Right, were to start.... I had a MMC on the 2nd of Feb followed by D+C o the 4h of Feb. I have been bleeding on and off ever since really, very irregular between really heavy, nothing at all some days and spotting the others. I had about 4 days of nothing and then at 7 weeks started with what a believed to be a full flow AF, this lasted about 7 days, then I have had had very light spotting since, not much but something there all day, yesterday was CD12 and I was still bledding.......

Today CD13 I woke up to a clean pad, nothing at all, and there is nothing when I wipe, and nothing pooled up inside, seems to have gone!!!!!!

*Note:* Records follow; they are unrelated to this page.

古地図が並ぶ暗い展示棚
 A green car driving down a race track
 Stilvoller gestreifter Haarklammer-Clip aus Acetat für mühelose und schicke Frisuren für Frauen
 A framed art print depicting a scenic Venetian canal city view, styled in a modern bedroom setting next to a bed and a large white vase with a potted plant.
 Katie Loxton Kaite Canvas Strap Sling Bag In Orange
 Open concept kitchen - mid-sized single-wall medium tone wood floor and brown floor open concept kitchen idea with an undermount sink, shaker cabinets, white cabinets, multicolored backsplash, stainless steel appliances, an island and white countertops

Then I got a smiley face on my CB OV test.......... can I really ovulate despite all this bleeding......
Could it really be over, almost 9 weeks of hell, could this really be the end of it and now it is time to move on.

Hubby doesn't really want to do any BD'ing tonight cause we have been through this before, thought it had all finished, we had sex and then I started bleeding again, but I dont want to miss the opportunity!

Going off my last cycles I usually OV around CD15, today is only CD13, is this normal. Is it normal for your cycle to change after MC?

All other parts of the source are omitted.